(Available data begins)
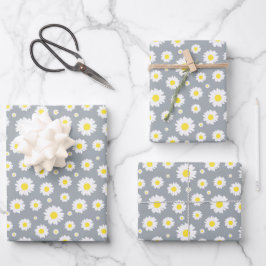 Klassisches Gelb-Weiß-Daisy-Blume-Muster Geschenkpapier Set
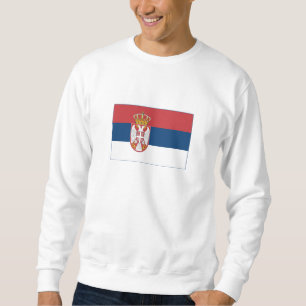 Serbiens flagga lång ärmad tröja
(Available data ends)
(Available data begins)
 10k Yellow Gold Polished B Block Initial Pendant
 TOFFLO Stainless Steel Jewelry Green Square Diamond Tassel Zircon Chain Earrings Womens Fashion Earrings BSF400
(Available data ends)
(Available data begins)
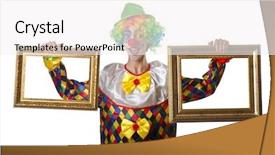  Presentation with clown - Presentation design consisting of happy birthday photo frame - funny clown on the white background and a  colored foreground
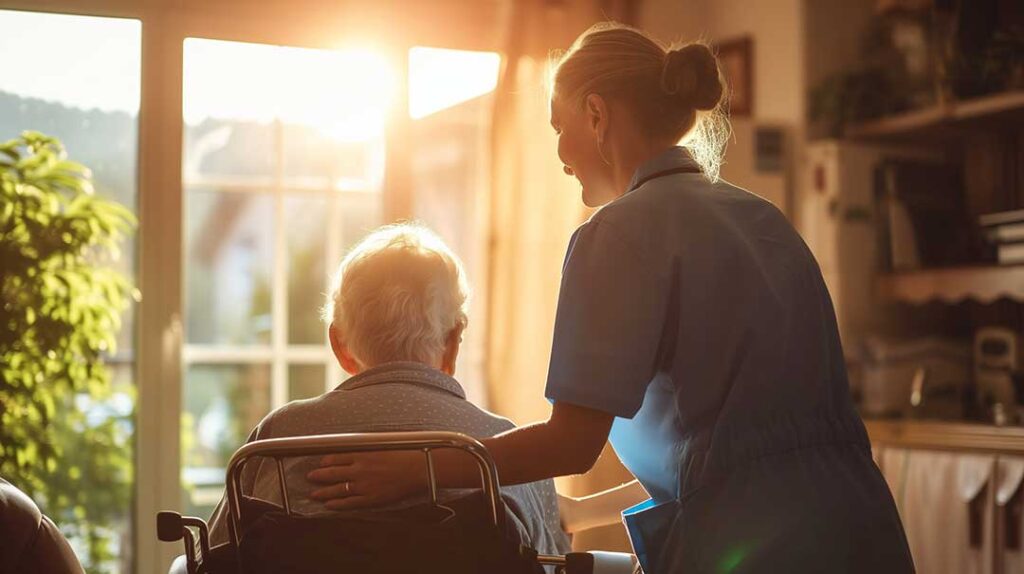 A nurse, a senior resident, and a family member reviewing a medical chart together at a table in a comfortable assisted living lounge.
(Available data ends)
Give the lines above again exactly, from the one containing "Presentation with clown" to the one containing "A nurse, a senior", both included, but leave out the pictures.

[Result of the exercise]
  Presentation with clown - Presentation design consisting of happy birthday photo frame - funny clown on the white background and a  colored foreground
 A nurse, a senior resident, and a family member reviewing a medical chart together at a table in a comfortable assisted living lounge.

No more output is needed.